From: Matthew House <mattlloydhouse_at_[hidden]>
Date: Mon, 19 Jun 2023 22:11:24 -0400
On Mon, Jun 19, 2023 at 8:46 PM Brian Bi via Std-Discussion
<std-discussion_at_[hidden]> wrote:
>> More generally, such an interpretation would completely break
>> mechanisms enabled by [basic.lval]/11 using pointers that happen to
>> refer to union members, since inactive union members would always have
>> preference over reinterpretations allowed by the rule. For instance,
>> suppose that u.c were declared as an unsigned char instead of a char.
>> Then, std::memcpy(dest, &u.i, sizeof(int)) would be UB, since by
>> reinterpreting its argument as an array of unsigned char, memcpy would
>> produce a pointer to u.c, then read past its end. I don't think that's
>> something that can be considered reasonable.
> Well, `std::memcpy` can be defined by magic to do the right thing, but I guess you're talking about a user-written analogue. Still, I don't understand your argument. Under the current wording, you can't write such a thing and have it have well-defined behavior according to the letter of the law, regardless of what view you take on whether the `u.c` object exists when it's not active.

I'll admit, I don't understand the argument that P1839 seems to hinge
on, to argue that even reading the first byte of the object
representation is UB:

> When a is dereferenced, the behaviour is undefined as per [expr.pre]
> p4 because the value of the resulting expression would not be the
> value of the first byte, but the value of the whole int object
> (123456), which is not a value representable by unsigned char.

This interpretation appears to defeat the entire purpose of
the first sentence in [basic.lval]/11, which I will repeat here for

> If a program attempts to access (3.1) the stored value of an object
> through a glvalue whose type is not similar (7.3.6) to one of the
> following types the behavior is undefined:
> - the dynamic type of the object,
> - a type that is the signed or unsigned type corresponding to the
> dynamic type of the object, or
> - a char, unsigned char, or std::byte type.

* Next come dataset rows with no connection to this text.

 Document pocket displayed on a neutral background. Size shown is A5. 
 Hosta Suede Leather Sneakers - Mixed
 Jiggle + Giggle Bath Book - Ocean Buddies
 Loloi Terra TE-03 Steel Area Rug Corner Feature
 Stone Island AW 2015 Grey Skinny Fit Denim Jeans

I have always imagined this as implying a series of steps for
performing a read where the type of the glvalue is not similar to the
dynamic type of the object:
1. Locate the object referred to by the glvalue.
2. Select the appropriate bytes in the object representation.
3. Interpret those bytes as a value of the glvalue's type.
4. Return the resulting value.
(The reverse process would occur for a modification.)

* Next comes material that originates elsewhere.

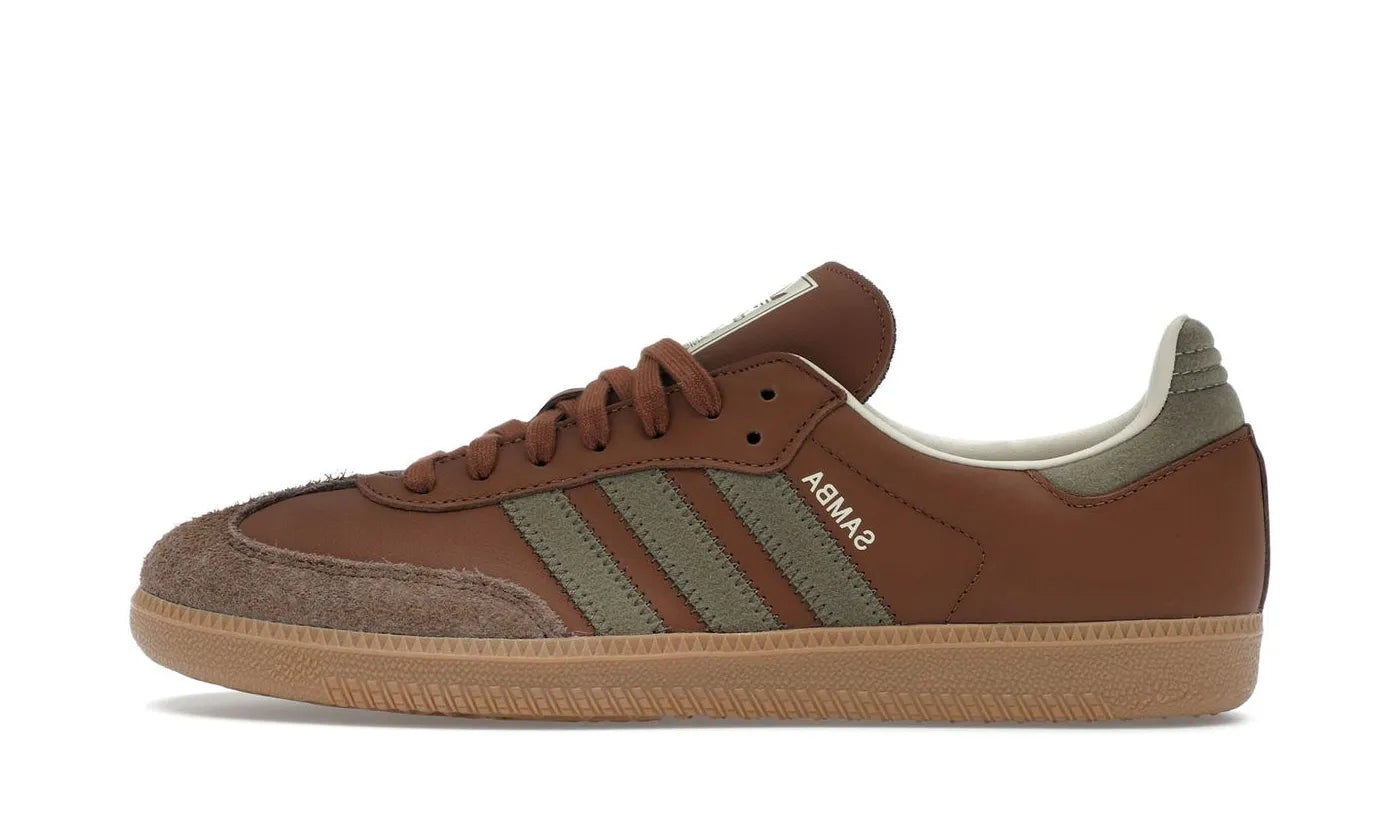 Samba OG Preloved Brown Olive Strata - IE9122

Indeed, [basic.lval]/11 originates from an analogous clause in
standard C, which at another point explicitly clarifies the supremacy
of the lvalue's type: "The meaning of a value stored in an object or
returned by a function is determined by the *type* of the expression
used to access it."

But C++ isn't so clear about the result when an object is
reinterpreted as another type using [basic.lval]/11. Apart from
[basic.lval]/11 itself, the most relevant language I could find is in

> The result of the conversion is determined according to the
> following rules:
> [...]
> - Otherwise, the object indicated by the glvalue is read (3.1), and
> the value contained in the object is the prvalue result.

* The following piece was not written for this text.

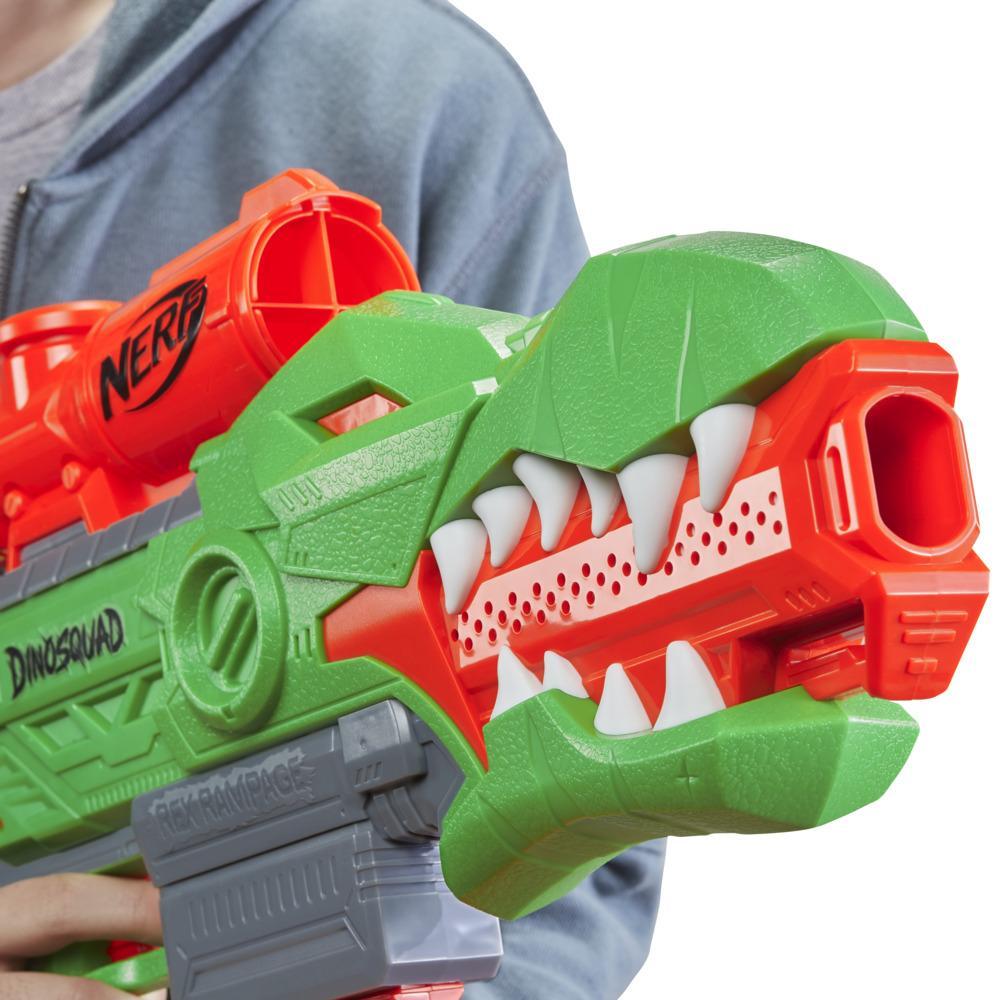 Nerf DinoSquad Stegos-mash Dart Blaster Gun – JrBillionaire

"The object indicated by the glvalue" is surely the object that the
glvalue refers to, but "the value contained in the object" is somewhat
ambiguous, especially since the clause references no mechanism for
converting to the glvalue's type. Is "the value contained" exactly the
value of the object in its dynamic type? Or is "the value contained"
the value resulting from interpreting the object representation as a
value of the glvalue's type? P1839 briefly assumes the former, but I
don't see how that interpretation can be squared with the purpose of

(If we were to make the second interpretation explicit in
[conv.lval]/3 and [expr.ass]/2, it would obviate the first problem
brought up in the paper. Yet the problem of allowing pointer
arithmetic with an unsigned char* pointer to a general object would
remain. But the paper's proposal seems quite ugly to me; in my view,
this would be more cleanly solved by introducing a new kind of
pointer, a "pointer into the middle of an object", which would be
created by pointer arithmetic with a byte type, unusable for anything
but pointer arithmetic and accesses with byte types, and only able to
range through the original object's containing array. If such a
pointer is offset to line back up with the original object or another
array element, it would become an ordinary pointer-to-object again.
This would appear to avoid all the issues with pointers flip-flopping
between ordinary objects and the special "object representation"
objects proposed by the paper. Are there any glaring issues with this
sort of approach that I'm not thinking of?)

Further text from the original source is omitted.